Logging initialized using configuration in file:/etc/hive/conf.dist/
Added json-serde-1.1.6-SNAPSHOT-jar-with-dependencies.jar to class path
Added resource: json-serde-1.1.6-SNAPSHOT-jar-with-dependencies.jar
FAILED: Execution Error, return code 1 from org.apache.hadoop.hive.ql.exec.DDLTask. org.apache.hadoop.hive.serde2.objectinspector.primitive.AbstractPrimitiveJavaObjectInspector.(Lorg/apache/hadoop/hive/serde2/objectinspector/primitive/PrimitiveObjectInspectorUtils$PrimitiveTypeEntry;)V
[root@sandbox ~]#

April 18, 2014 at 8:25 am

how do you it for some other movie or key word . What files are there to be modified.

February 18, 2014 at 8:05 pm

Thanks for some other fantastic article. The place else
may just anybody get that kind of information in such an ideal method of
writing? I have a presentation subsequent week, and I am at the look for such information.

February 11, 2014 at 9:13 am

A person essentially lend a hand to make severely articles I would state.
This is the first time I frequented your web page and to this point?

I amazed with the research you made to make this particular submit incredible.
Excellent activity!

February 10, 2014 at 9:16 pm

The bottom line here is simple: use supplements only after doing
research and exercising caution. So, what happens when we incorporate a probiotic fermentation
process to whole food nutritional ingredients.
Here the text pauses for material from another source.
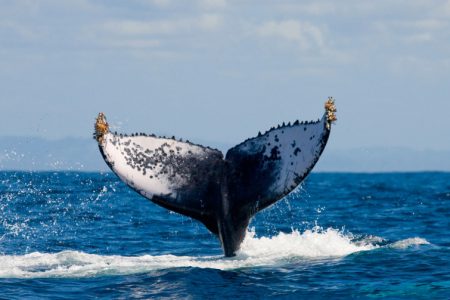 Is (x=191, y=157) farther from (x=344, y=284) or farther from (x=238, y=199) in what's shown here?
(x=344, y=284)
Some brands contain extra substances that you really don’t need any may
actually cause you more harm than good.

February 2, 2014 at 9:08 am

It’s actually a cool and helpful piece of info.
I’m satisfied that you just shared this helpful info with us.

Please stay us up to date like this. Thanks for sharing.

Leave a Reply

Your email address will not be published. Required fields are marked *

If you have specific technical questions, please post them in the Forums

You may use these HTML tags and attributes: <a href="" title=""> <abbr title=""> <acronym title=""> <b> <blockquote cite=""> <cite> <code> <del datetime=""> <em> <i> <q cite=""> <strike> <strong>

Try this tutorial with :

These tutorials are designed to work with Sandbox, a simple and easy to get started with Hadoop. Sandbox offers a full HDP environment that runs in a virtual machine.